La buona notizia è che Spida non ha mai tirato così male prima di questa recente span, la cattiva è che è arrivato uno 0 su 5 da fuori anche contro i Jazz.

Blackout di questo tipo in una serie non sono contemplati e, per quanto Mitchell negli anni si sia affermato come un playoff performer di altissimo livello - basti ricordare la sua ballata (e di Jamal Murray) nella bolla - in questo caso si parla di prestazioni continuative in una corsa al titolo. L’ex Jazz, per un motivo o per un altro, non è mai stato in squadre che hanno superato il secondo turno, e anche questo è un aspetto da non sottovalutare.

Dell’intero roster di Cleveland, solo Max Strus ha presenze alle Conference Finals e alle Finals, raggiunte da titolare con i Miami Heat rispettivamente nel 2022 e 2023. Per il resto, proprio perché buona parte del nucleo è stata cresciuta “in casa” e l’età media dei giocatori chiave è ancora bassa, l’esperienza in uno stadio avanzato dei playoff è inesistente. A differenza, per esempio, dei Celtics, i quali hanno in Tatum, Brown, Holiday e Horford dei veri e propri esperti del mestiere - i primi due già nei pressi della top-10 dello storico dei Celtics per presenze in post-season.

IN CONCLUSIONE
L’inesperienza ai playoff è sicuramente il motivo che più fa pensare che questi Cavaliers non possano fare partita pari con Boston e OKC, ma la stagione regolare ci ha detto che non è proprio così. Spesso bistrattata, nelle 82 partite stagionali ci sono momenti più o meno competitivi, incastri più o meno indicativi, ma alla fine rispecchiano le ambizioni e il valore delle squadre. Non si battono casualmente i Thunder e i Celtics la metà delle volte. I discorsi che inseguivano i Cavs sull'impossibilità di trovare le giuste spaziature con Mobley e Allen insieme sono stati messi a tacere dal lavoro di Atkinson e del suo staff. “Spaziature” non è un termine privo di significato, un involucro vuoto dal quale una squadra si ritrova passivamente avvolta, ma è un concetto malleabile e dinamico, indipendente dal semplice “sa tirare - non sa tirare” relativo al singolo giocatore.
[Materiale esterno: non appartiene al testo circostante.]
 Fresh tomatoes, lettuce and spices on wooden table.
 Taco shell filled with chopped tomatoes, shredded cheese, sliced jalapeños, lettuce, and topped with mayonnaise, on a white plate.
E, anche in questo caso, non si arriva a questo livello casualmente, ma servono attenzione ai dettagli, capacità di comunicazione e soprattutto di ricezione. Tutti meriti impossibili da non riconoscere ai Cleveland Cavaliers. L’esperienza ai playoff, per il resto, si può fare solo partecipando e non esiste un corso su come arrivare fino in fondo. Bisogna provare e riprovare nel modo migliore possibile.